French Canadians quickly understood that the Union would damage them. But Louis-Hippolyte LaFontaine saw beyond that, feeling that an alliance with Anglo Reformers could provide French Canadians with a means to responsible government. This is why he was responsive to a proposal made by Francis Hincks.
Hincks, a Toronto journalist and shrewd political strategist, was already backing Baldwin's campaign for responsible rule. Hincks was bilingual and conversant in the French Canadian reform movement. He first reached out to LaFontaine in a letter dated April 1839, in which he laid matters bare: if you desire French Canadian nationhood, he wrote, “union would ruin you.” But, if it’s “liberal institutions and economical government [you seek], the Union would… give you all you desire, as an united Parliament would have an immense Reform majority.”
This wasn’t an ultimatum; Hincks was addressing a like-minded politician and he knew it. “If we combine as Canadians,” Hincks wrote to LaFontaine, “to promote the good of all classes in Canada, there can be no doubt that under the new constitution Lord Durham proposes, the only party which would suffer would be the bureaucrats.”
A Partnership of Biblical Proportions
Shortly after, Baldwin and LaFontaine began a lifelong correspondence and became the best of friends. Some called them the David and Jonathan of Canadians politics — a reference to Biblical rivals of different tribes who formed a deep, platonic friendship.
LaFontaine was 34, Baldwin 38. Neither man was talkative, nor a great orator. But as John Ralston Saul, one of the foremost authors on this subject puts it, “They were introverts driven into the public place by their ideas.”
In a deeply divided society, this friendship represented something truly great — bridge building, cooperation, consensus. The question was not whether these two men could achieve responsible government, says Saul, “but whether they could imagine and deliver the sort of society that could make Responsible Government mean something.” They could only do this if they grounded their politics in cultural accommodation, argues Saul.
It was an understandably slow process.

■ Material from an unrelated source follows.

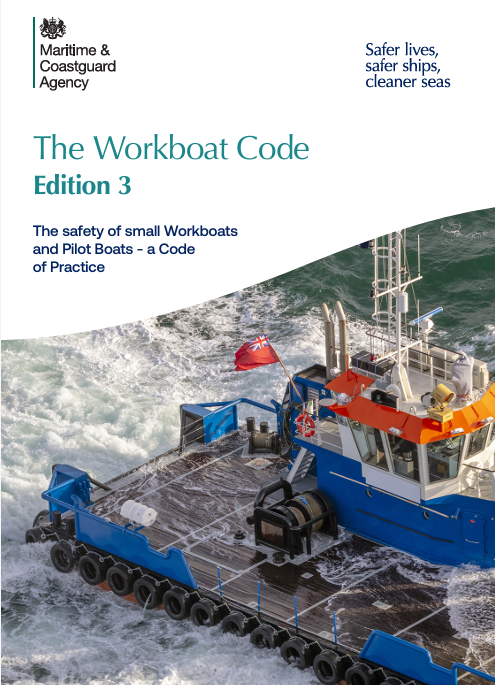 Cover of 'The Workboat Code' Edition 3 by the Maritime & Coastguard Agency, featuring a small workboat on the water with a red flag and equipment on deck.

But when LaFontaine withdrew his candidacy in his Canada East riding because members of the Protestant Orange Order violently blocked French voters from the polls, Baldwin immediately offered him a seat in Canada West, in the 4th Riding of York, where his father, William Warren, was nominated. William was happy to cede to Louis, and they hit the campaign trail together.
The symbolism of nominating a French Canadian to a seat in Canada West was not lost on the Children of Peace, who released a statement in the local paper that read, “Let us show the world our disapprobation to elections obtained by riot, and such parliamentary measures as refuse to grant equal justice to every representative of Canada.” In other words, they were telling the unelected branch of government that they would pick and choose their candidates for themselves — and without violence or government intervention.

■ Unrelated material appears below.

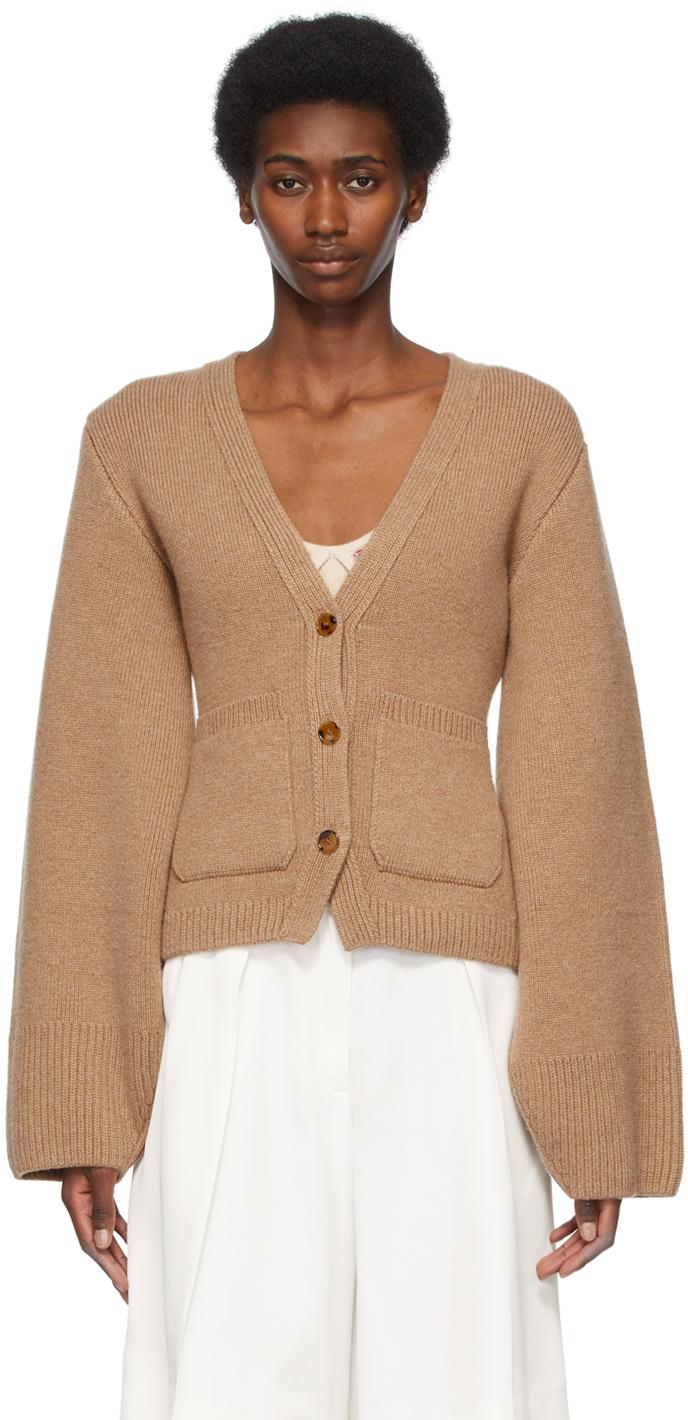 Khaite Tan Cashmere 'the Scarlet' Cardigan | Lyst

LaFontaine later returned the favour. After Baldwin lost his seat in Hastings that October due to an Orange Order mob that barred Baldwin and his supporters from the polls, LaFontaine quickly helped Baldwin secure a seat in Rimouski, a deeply francophone part of Canada East.
Years later, in 1848, Reformers swept the election and formed a government. Responsible rule was plainly confirmed when an all-reform cabinet took office, with LaFontaine and Baldwin as co-premiers. This was a great parliamentary moment: the majority-elected party now controlled cabinet after triumphantly demonstrating that they could in fact “deal on the square.”